» Task brief
Using the data below, output a verbatim copy of the lines between the one holding "10332 MANDERLEY WAY" and the one holding "2 Dolphin Avenue, Encounter", inclusive, without any pictures.

Data entries
^^^^

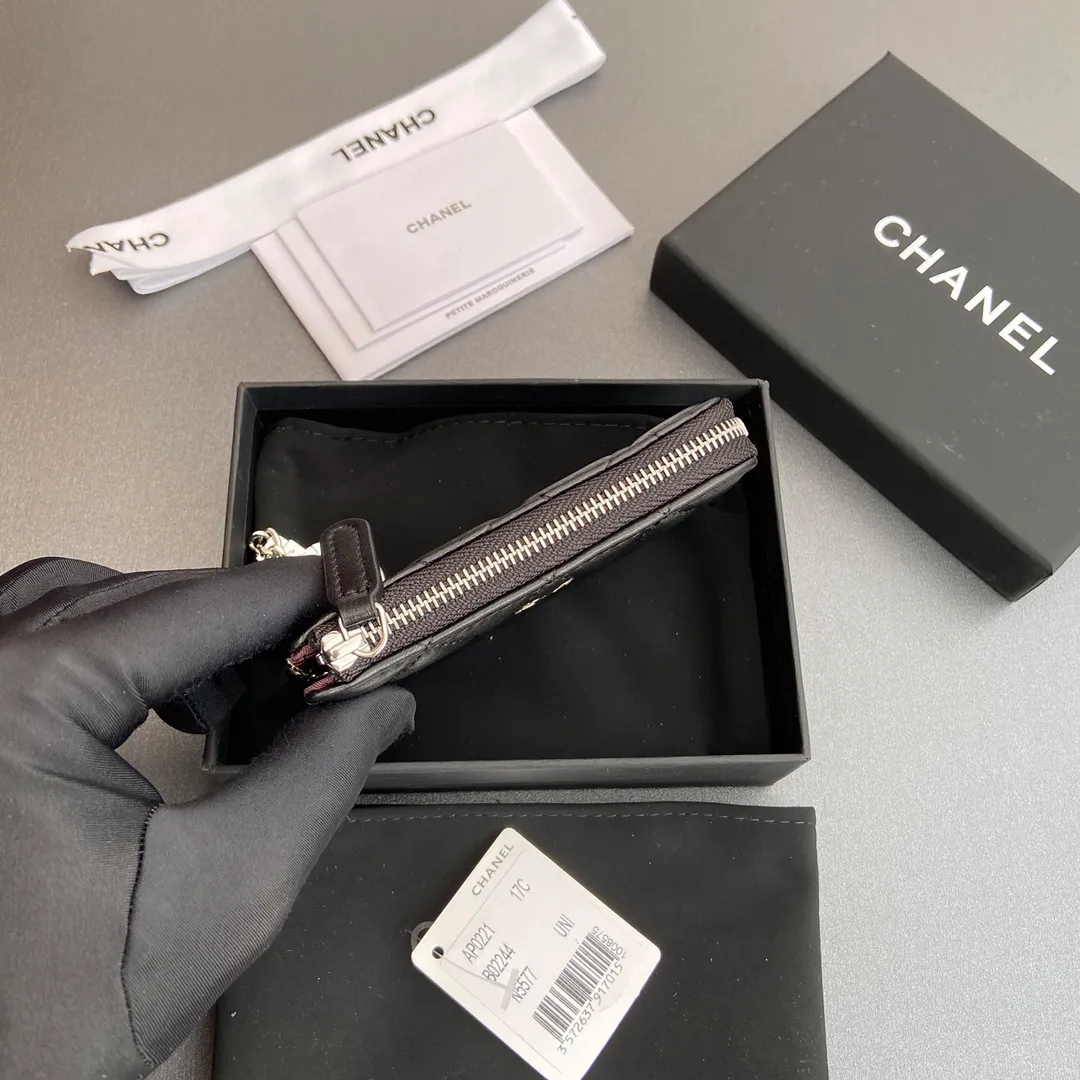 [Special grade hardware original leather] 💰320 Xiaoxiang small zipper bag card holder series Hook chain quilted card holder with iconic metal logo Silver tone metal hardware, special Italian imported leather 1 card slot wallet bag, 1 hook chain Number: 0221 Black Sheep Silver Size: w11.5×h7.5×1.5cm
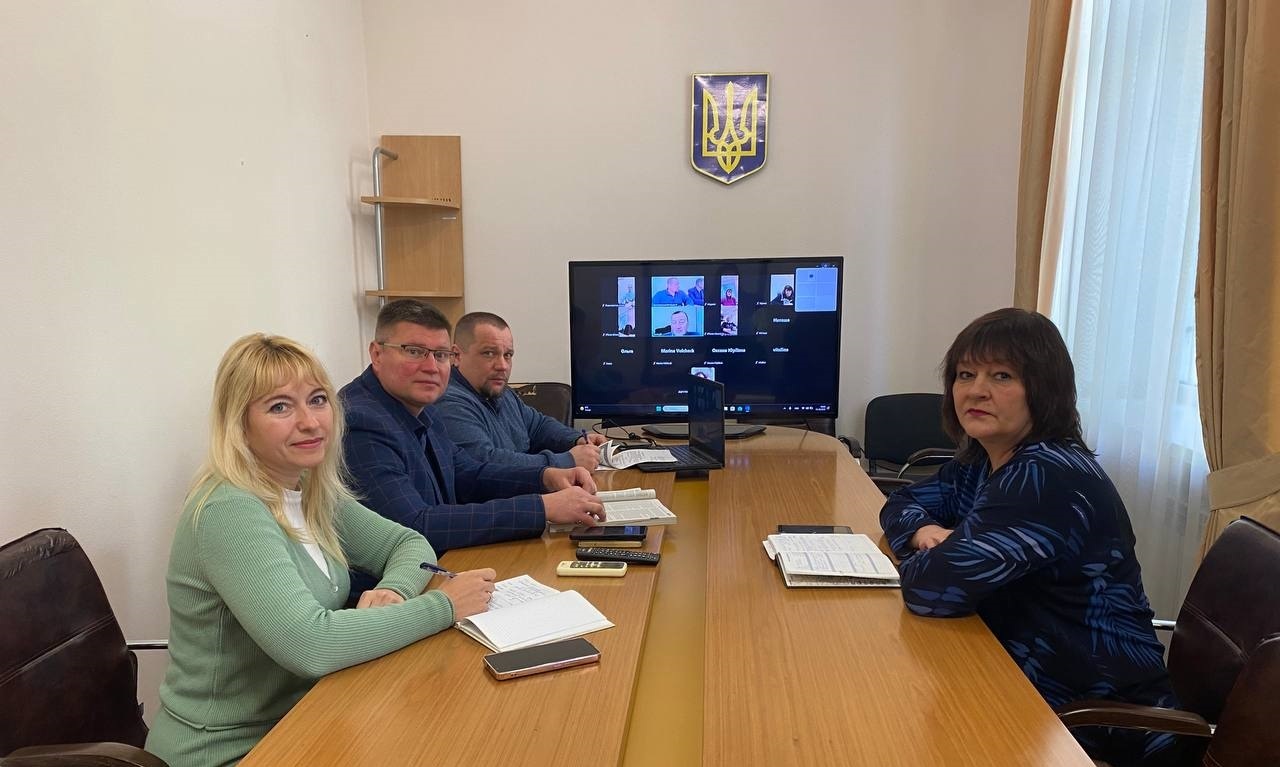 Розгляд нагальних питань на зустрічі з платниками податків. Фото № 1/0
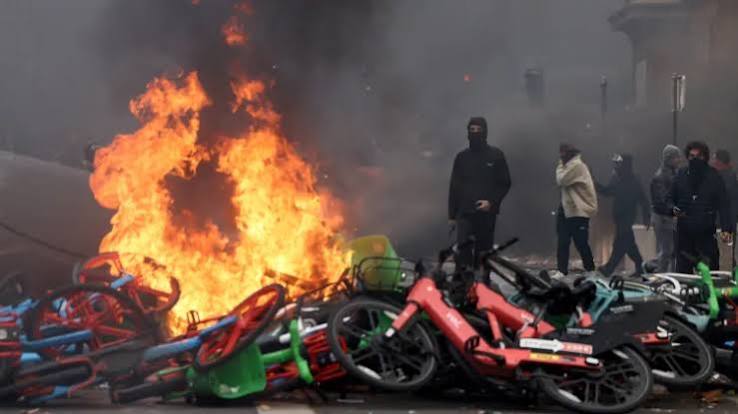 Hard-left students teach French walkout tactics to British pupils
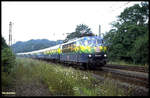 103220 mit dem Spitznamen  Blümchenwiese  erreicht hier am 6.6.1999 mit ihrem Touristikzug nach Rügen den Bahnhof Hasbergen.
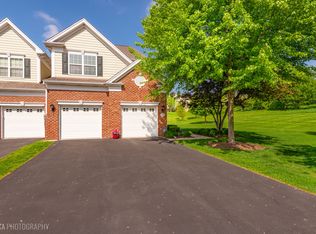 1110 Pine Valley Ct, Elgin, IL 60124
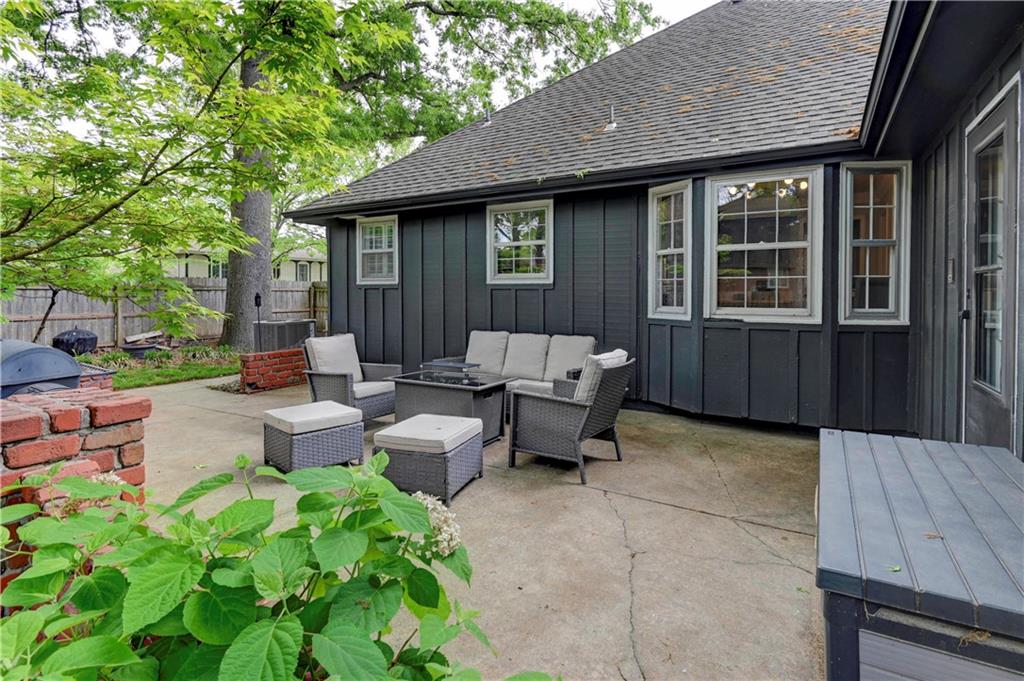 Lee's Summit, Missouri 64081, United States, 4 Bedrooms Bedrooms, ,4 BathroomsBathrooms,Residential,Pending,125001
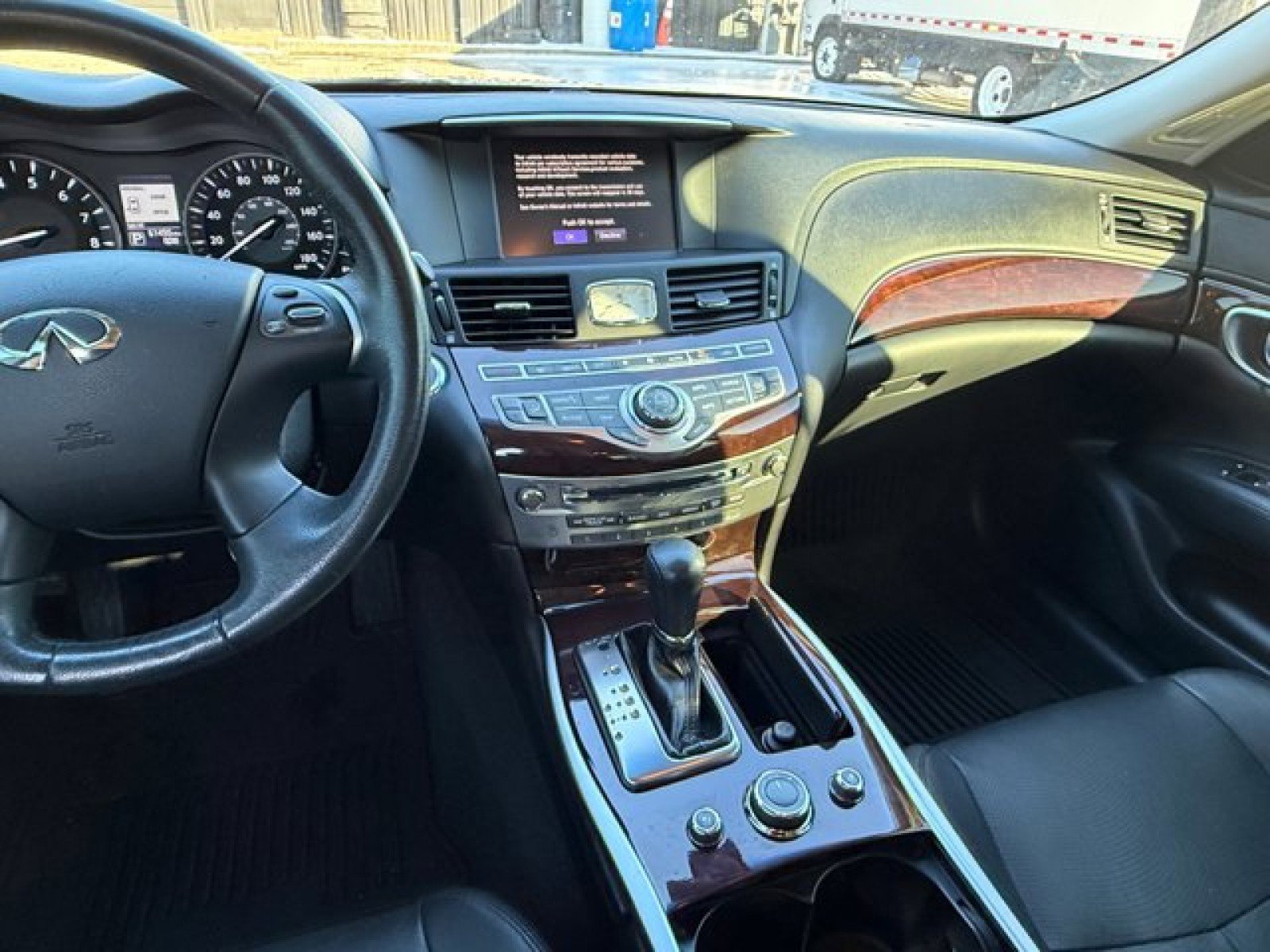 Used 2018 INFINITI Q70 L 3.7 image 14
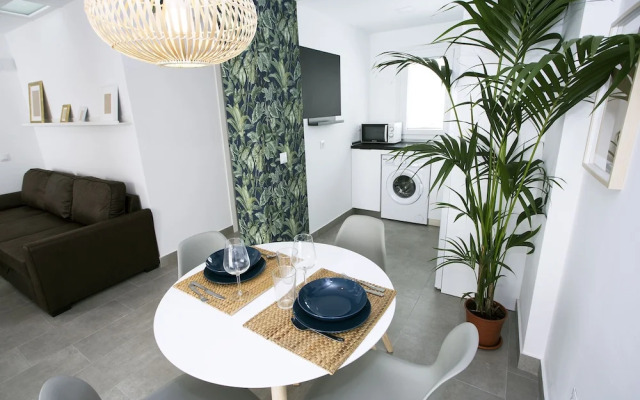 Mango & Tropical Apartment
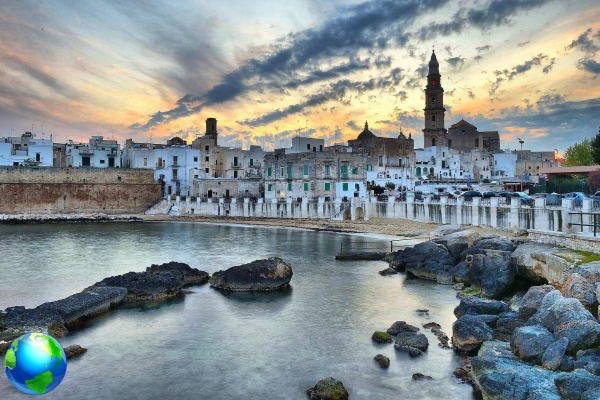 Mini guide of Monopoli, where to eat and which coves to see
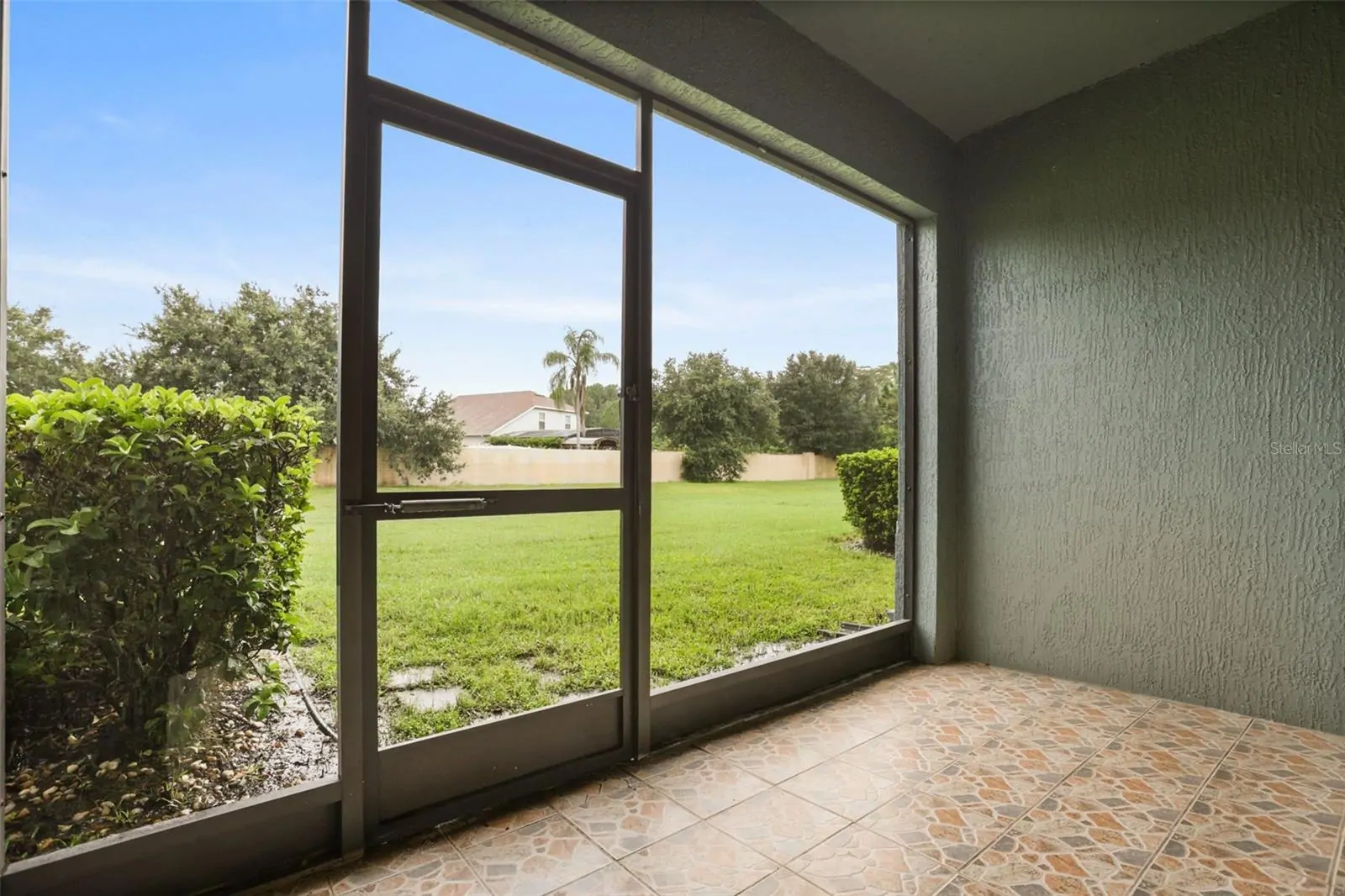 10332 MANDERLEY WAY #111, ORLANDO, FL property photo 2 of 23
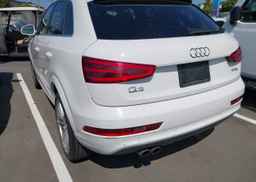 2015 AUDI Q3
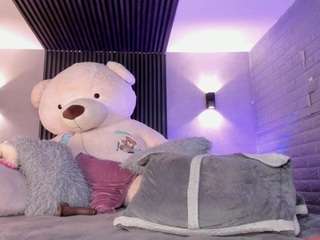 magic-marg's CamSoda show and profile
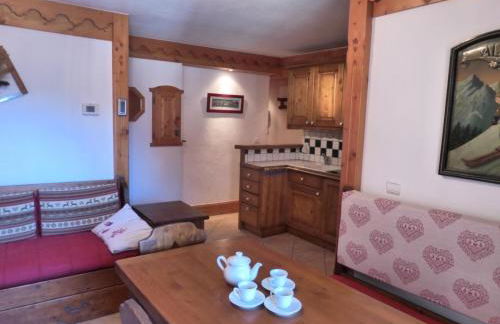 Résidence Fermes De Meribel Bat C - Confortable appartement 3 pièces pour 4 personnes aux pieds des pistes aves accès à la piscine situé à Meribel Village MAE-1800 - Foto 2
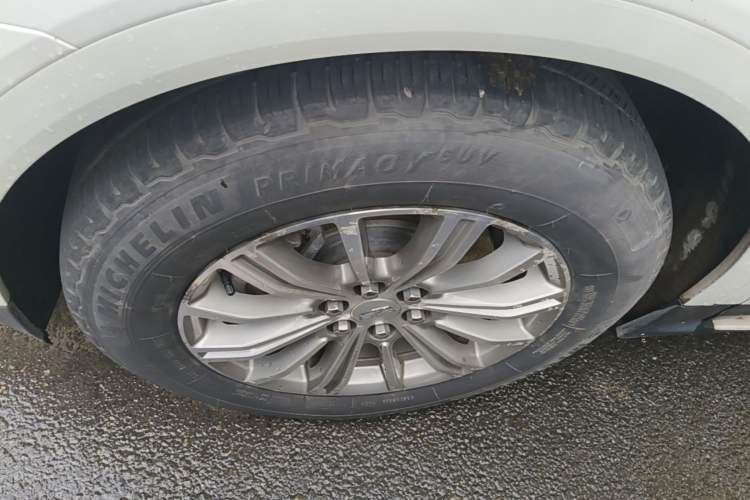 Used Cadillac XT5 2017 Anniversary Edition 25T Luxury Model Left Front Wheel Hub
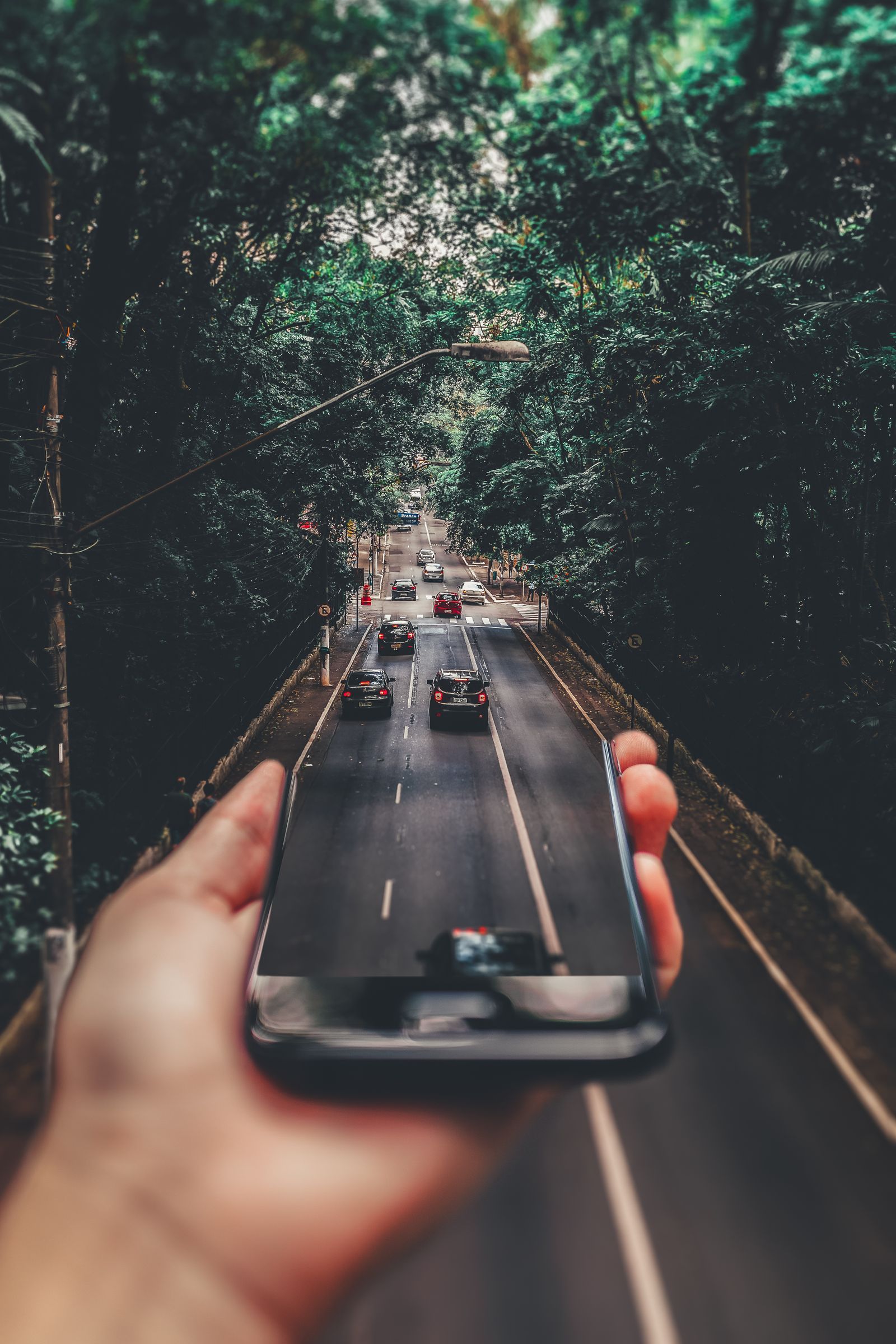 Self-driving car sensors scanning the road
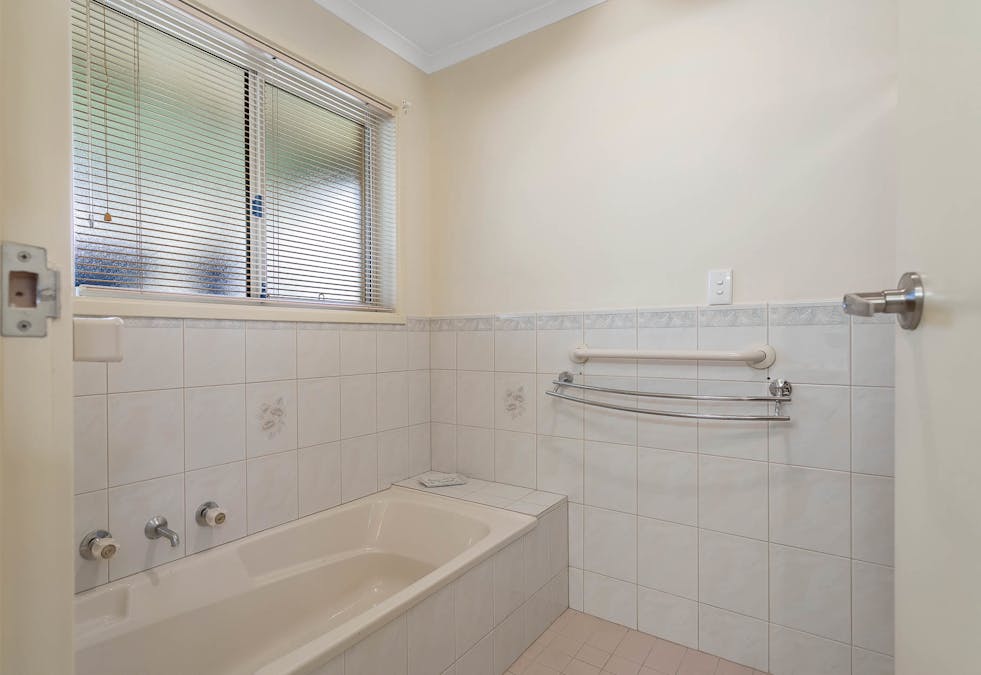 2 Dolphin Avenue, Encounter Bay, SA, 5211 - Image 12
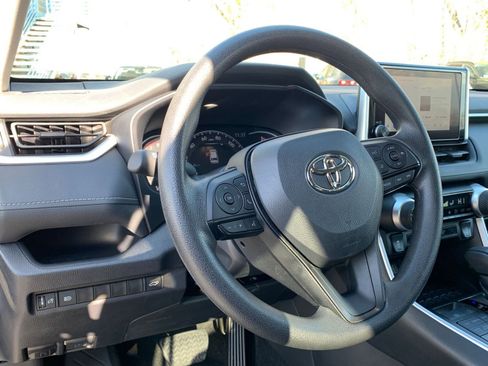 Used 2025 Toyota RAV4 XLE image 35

^^^^

» Result
 10332 MANDERLEY WAY #111, ORLANDO, FL property photo 2 of 23
 2015 AUDI Q3
 magic-marg's CamSoda show and profile
 Résidence Fermes De Meribel Bat C - Confortable appartement 3 pièces pour 4 personnes aux pieds des pistes aves accès à la piscine situé à Meribel Village MAE-1800 - Foto 2
 Used Cadillac XT5 2017 Anniversary Edition 25T Luxury Model Left Front Wheel Hub
 Self-driving car sensors scanning the road
 2 Dolphin Avenue, Encounter Bay, SA, 5211 - Image 12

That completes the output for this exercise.